What is the basic definition of a warranty? (3 elements)
1)A warranty is a written guarantee of the integrity of a product or service. The seller may also agree to repair or replace a product or provide additional service.
2) A warranty customarily is offered for a limited time, such as 2 years.
3) It may or may not be sold separately from the product or service.
What is an assurance-type warranty? (2 elements)
1) A warranty that provides a customer assurance that a product will function as expected in accordance with agreed-upon specifications is an assurance-type warranty.
2) A standard one-year computer warranty against manufacturing defects is an example of an assurance-type warranty.
What is a service-type warranty? (3 elements)
1) A warranty that provides a customer with a service in addition to the assurance that the product complies with agreed-upon specifications is a service-type warranty.
2) A warranty against customer-inflicted damages, such as dropping the computer on the floor or into water, is an example of a service-type warranty.
3) A service-type warranty is accounted for as a separate performance obligation in the contract.
How is a warranty classified as either assurance-type or service-type? (4 elements)
1) A warranty that can be purchased separately by the customer is a service-type warranty.
-If a customer does not have the option to purchase a warranty separately, the warranty is an assurance-type warranty.
2) A warranty required by law is an assurance-type warranty.
3) The length of the warranty coverage period may indicate the type of warranty. A service-type warranty is more likely to have a longer coverage period. A longer warranty is more likely to provide service in addition to the assurance that the product complies with agreed-upon specifications.
4) If an assurance-type warranty and a service-type warranty provided in the contract cannot be separated, the warranties are accounted for as a single performance obligation in a contract (that is, as a service-type warranty).
What is the accounting treatment for an assurance type warranty? (4 elements)
1) An assurance-type warranty is not a separate performance obligation in a contract. Thus, no transaction price is allocated to the warranty.
2)An assurance-type warranty creates a loss contingency.
Accrual accounting should be used if
i) Incurrence of warranty expense is probable,
ii) The amount can be reasonably estimated, and
iii) The amount is material.
3) A liability for warranty costs is recognized when the related revenue is recognized, i.e., on the day the product is sold.
i) Even if the warranty covers a period longer than the period in which the product is sold, the entire liability (expense) for the expected warranty costs must be recognized on the day the product is sold. The warranty liability (expense) must not be prorated over the annual periods covered by the warranty.
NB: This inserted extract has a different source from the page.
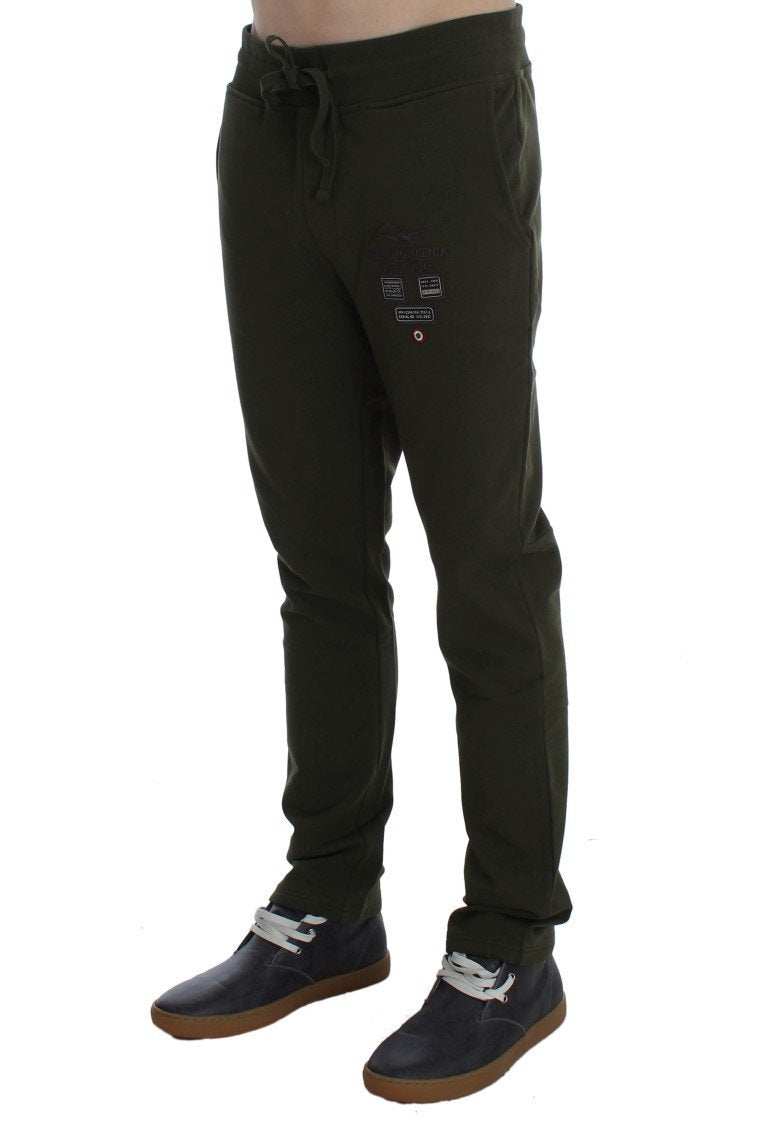 Green Cotton Stretch Casual Pants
(Beginning warranty liability) + (Warranty expense recognized in the current period) - (Warranty payments in the current period) = Ending warranty liability
II) Actual payments for warranty costs reduce the amount of warranty liability recognized and do not affect warranty expense.
-If the warranty payments for the period are greater than the amount of warranty liability recognized, the excess is recognized as warranty expense.
4) The following are accrual-basis entries for warranty expense estimated as a percentage of sales when the warranty is not separable:
i) To record a sale of product
Cash or accounts receivable $XXX
Sales revenue $XXX
ii) To record related warranty expense recognized on the day of sale
Warranty expense $XXX
Estimated warranty liability $XXX
iii) To record actual warranty expenditures paid in the current period
Estimated warranty liability $XXX
Cash $XXX
What is the accounting treatment for a service-type warranty? (4 elements)
1) A service-type warranty is a separate performance obligation in a contract. Thus, a portion of the total transaction price is allocated to the service-type warranty.
-The total transaction price is allocated to the service-type warranty and the related product sold based on their estimated standalone selling prices.
2) At contract inception, the consideration received for the service-type warranty is accounted for as an advance payment and a contract liability is recognized. The following entry is recorded on a sale of a product with a service-type warranty:
Cash $XXX (total transaction price)
Revenue $XXX (transaction price allocated to the product)
Contract liability $XXX (transaction price allocated to the service-type warranty)
3) Revenue from a service-type warranty is recognized over time (i.e., over the coverage period). The pattern of revenue recognized from a service-type warranty depends on the way the warranty performance obligation is satisfied.
i) If warranty service is provided continuously over the warranty period, revenue is recognized on the straight-line basis over the coverage period.
ii) If warranty service costs are not incurred on a straight-line basis, revenue recognition over the contract’s term should be proportionate to the estimated service costs.
iii) The following entry is recorded when revenue from a service-type warranty is recognized:
Contract liability $XXX
Revenue $XXX
iv) The following entry is recorded when an entity pays for the costs related to the claims under the warranty:
Warranty expense $XXX
Cash $XXX
Is an assurance-type warranty a separate performance obligation in a contract?
No. An assurance-type warranty is not a separate performance obligation in a contract. Thus, no transaction price is allocated to the warranty.
What are the three criteria for using accrual accounting for an assurance-type warranty?
An assurance-type warranty creates a loss contingency. Accrual accounting should be used if
1) Incurrence of warranty expense is probable,
2) The amount can be reasonably estimated, and
3) The amount is material.
When is a liability for warranty costs recognized? (3 elements)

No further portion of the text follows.